My work at the National Drought Mitigation Center, part of the University of Nebraska-Lincoln, included writing a computer program that clusters roughly 4000 drought stations in the continental United States for use in an upcoming update to their Drought Risk Atlas. The main data one wants to use for this is precipitation, latitude, and longitude, although also using temperature and elevation can be useful, and one can also use drought indices such as SPI, SPEI, and PDSI. In fact, one feature of the program is that it can use oscillatory data for each station based on oceanic and atmospheric indices such as Niño-indices ONI, SOI, and MEI to help cluster the stations.
The main motivation for the program, besides using many different features such as drought indices and oceanic/atmospheric information, is that modern data analysis techniques and computer speed allow for the computer program to automate many of the subjective decisions involved in clustering that were handled manually before by experts (see [G], [HW]), such as moving discordant stations and using topological techniques to deal with disconnected or highly spread-out clusters.
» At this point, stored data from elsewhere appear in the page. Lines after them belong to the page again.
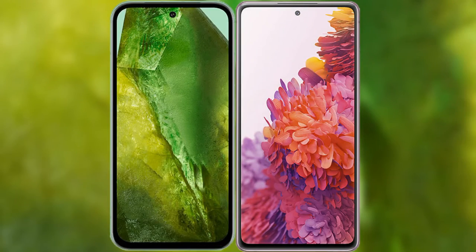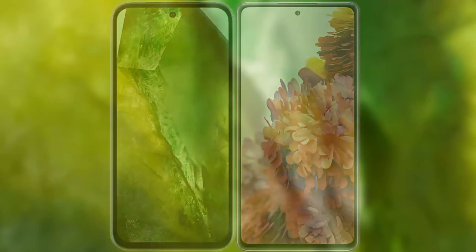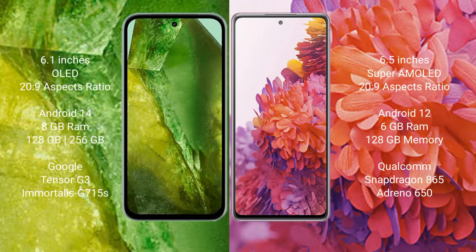I will compare the new Google Pixel 8a with Samsung Galaxy S20 FE. Google Pixel 8a comes with a 6.1-inch OLED display, while Samsung Galaxy S20 FE comes with a 6.5-inch Super AMOLED display. Both have a 20-to-9 aspect ratio.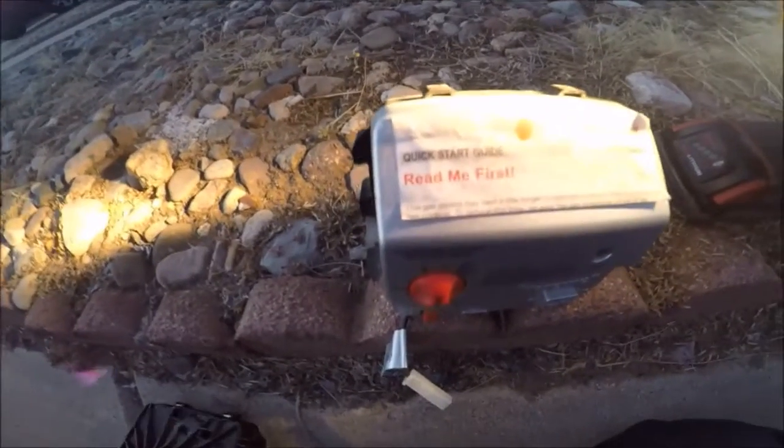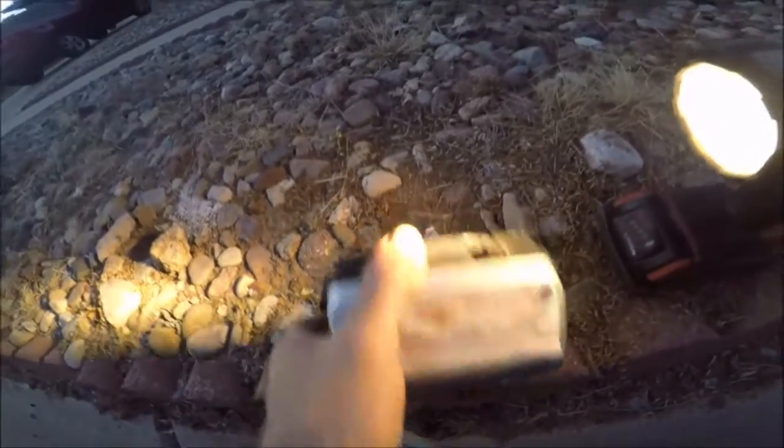This is the Bradford White Honeywell control for the Icon series. I'm trying to get a good view. Now look at this one — here's a new one, it's a replacement. Back to this one.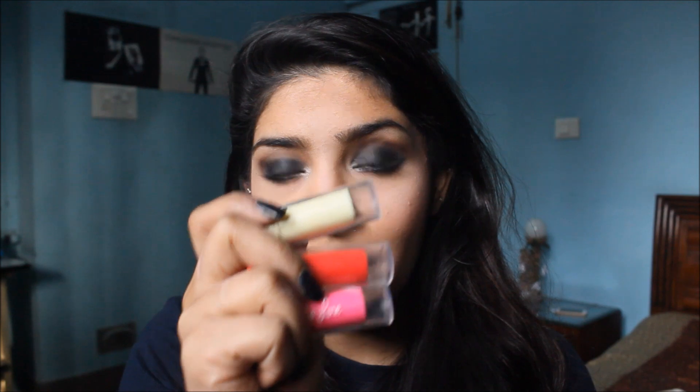Coming to the actual point — the packaging is really cheap. It looks and feels really cheap; the plastic feels like it's going to break any moment. For 200 rupees you should at least get something that feels really good, but the plastic feels really really cheap. Not good on that part.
It also uses updated methods for checking the homogeneity of a cluster, using conclusions of a comparative study of homogeneity tests [VLC]. Finally, since some of these operations are sensitive to initial conditions, creating different sets of clusters even after using the same parameters, the program creates a final set of clusters based on a probabilistic perspective: two stations should be in the same cluster only if the clustering program puts them together, say, 80% of the time (a user-defined percentage).
- [G] Nathaniel B. Guttman, "The use of L-moments in the determination of regional precipitation climates", J. Clim. 6 (1993) 2309-2325.
- [HW] Jonathan R. M. Hosking and James R. Wallis, Regional Frequency Analysis: An Approach Based on L-Moments, Cambridge University Press, 1997.
- [VLC] A. Viglione, F. Laio, and P. Claps, "A comparison of homogeneity tests for regional frequency analysis", Water Resour. Res. 43 (2007) W03428.